*** Begin section ***
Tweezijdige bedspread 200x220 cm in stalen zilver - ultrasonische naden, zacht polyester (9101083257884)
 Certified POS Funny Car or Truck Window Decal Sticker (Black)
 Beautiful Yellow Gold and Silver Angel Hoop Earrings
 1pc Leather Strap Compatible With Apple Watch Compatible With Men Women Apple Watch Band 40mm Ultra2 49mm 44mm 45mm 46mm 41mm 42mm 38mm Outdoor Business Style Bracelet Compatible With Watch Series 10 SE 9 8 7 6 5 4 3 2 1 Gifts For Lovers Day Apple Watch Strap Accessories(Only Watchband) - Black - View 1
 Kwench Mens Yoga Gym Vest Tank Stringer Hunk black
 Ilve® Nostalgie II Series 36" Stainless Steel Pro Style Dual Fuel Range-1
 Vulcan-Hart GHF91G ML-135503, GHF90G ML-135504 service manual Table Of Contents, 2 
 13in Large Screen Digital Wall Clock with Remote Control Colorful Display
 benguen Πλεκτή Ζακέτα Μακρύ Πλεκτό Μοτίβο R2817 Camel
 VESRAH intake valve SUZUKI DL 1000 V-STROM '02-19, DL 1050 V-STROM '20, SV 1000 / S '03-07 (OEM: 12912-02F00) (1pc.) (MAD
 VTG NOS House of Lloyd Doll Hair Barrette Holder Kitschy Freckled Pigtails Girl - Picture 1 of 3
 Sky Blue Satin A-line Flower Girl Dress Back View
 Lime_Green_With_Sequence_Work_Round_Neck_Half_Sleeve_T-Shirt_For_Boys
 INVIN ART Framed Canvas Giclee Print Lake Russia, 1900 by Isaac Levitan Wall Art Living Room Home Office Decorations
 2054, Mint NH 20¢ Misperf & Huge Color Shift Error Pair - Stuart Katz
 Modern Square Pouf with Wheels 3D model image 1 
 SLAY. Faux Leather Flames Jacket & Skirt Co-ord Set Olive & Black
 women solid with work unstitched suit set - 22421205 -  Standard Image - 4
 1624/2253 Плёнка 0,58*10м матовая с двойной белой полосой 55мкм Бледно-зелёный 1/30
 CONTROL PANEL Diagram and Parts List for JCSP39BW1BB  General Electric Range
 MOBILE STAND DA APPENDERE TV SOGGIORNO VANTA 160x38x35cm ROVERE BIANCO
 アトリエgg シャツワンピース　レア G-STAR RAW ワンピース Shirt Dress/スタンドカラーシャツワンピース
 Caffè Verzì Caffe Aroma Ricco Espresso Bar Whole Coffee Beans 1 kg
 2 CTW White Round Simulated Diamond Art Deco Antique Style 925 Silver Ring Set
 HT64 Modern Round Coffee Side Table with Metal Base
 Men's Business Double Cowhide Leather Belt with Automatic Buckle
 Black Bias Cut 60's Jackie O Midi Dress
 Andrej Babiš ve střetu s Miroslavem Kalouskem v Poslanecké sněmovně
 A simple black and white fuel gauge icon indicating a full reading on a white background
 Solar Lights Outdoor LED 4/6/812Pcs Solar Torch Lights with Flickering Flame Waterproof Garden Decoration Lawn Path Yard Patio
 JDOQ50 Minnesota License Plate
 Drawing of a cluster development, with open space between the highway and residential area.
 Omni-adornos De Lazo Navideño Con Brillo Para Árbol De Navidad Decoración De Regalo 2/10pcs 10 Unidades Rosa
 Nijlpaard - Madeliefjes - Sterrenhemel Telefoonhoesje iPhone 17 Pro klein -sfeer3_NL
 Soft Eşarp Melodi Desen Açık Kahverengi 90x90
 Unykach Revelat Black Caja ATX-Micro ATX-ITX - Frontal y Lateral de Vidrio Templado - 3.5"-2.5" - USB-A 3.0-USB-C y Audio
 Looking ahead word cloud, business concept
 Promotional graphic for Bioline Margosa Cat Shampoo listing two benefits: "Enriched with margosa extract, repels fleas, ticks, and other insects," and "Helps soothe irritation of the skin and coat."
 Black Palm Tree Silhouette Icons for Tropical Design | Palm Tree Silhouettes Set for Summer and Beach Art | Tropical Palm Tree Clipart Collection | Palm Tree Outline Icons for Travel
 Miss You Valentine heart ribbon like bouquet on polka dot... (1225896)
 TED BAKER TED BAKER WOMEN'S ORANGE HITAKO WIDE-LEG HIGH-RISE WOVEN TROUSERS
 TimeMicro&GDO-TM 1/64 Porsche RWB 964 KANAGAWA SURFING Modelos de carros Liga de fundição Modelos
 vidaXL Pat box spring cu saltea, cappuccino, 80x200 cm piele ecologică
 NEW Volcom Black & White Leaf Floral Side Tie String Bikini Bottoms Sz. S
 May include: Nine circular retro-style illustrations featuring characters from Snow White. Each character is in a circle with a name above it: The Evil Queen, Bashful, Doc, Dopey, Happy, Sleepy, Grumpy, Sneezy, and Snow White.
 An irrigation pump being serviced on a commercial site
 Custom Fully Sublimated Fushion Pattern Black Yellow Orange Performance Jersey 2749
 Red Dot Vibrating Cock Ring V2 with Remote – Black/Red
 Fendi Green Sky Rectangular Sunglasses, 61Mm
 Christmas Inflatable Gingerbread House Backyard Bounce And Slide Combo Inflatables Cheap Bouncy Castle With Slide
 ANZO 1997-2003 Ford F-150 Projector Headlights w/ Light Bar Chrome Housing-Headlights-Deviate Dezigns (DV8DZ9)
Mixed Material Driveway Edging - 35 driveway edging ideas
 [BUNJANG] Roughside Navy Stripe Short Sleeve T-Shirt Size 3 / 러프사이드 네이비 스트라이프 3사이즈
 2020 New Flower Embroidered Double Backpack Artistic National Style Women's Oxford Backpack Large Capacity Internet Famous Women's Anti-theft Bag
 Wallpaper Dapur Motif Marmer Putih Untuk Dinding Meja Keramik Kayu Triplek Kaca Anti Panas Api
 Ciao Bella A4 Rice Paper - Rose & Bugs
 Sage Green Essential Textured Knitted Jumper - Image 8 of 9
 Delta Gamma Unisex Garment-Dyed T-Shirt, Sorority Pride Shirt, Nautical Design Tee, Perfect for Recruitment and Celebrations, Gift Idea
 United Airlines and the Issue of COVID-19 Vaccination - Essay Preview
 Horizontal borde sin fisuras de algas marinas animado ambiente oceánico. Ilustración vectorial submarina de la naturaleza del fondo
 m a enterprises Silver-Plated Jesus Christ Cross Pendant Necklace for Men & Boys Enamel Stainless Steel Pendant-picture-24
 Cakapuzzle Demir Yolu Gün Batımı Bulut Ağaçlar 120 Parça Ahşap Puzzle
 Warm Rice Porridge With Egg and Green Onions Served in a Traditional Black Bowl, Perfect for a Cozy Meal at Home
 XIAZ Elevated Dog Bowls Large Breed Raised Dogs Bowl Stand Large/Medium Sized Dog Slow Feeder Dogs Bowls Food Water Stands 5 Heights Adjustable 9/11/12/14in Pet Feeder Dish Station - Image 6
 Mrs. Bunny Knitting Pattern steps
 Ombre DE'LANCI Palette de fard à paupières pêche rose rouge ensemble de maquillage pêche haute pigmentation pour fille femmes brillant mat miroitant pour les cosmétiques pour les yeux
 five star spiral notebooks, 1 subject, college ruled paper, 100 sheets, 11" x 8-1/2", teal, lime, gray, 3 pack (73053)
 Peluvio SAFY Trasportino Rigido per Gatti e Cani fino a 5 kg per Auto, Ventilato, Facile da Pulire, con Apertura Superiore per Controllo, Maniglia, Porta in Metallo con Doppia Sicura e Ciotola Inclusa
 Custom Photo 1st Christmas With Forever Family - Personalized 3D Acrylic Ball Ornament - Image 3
*** End section ***
Show each line of the material holding "Rice".

 Ciao Bella A4 Rice Paper - Rose & Bugs
 Warm Rice Porridge With Egg and Green Onions Served in a Traditional Black Bowl, Perfect for a Cozy Meal at Home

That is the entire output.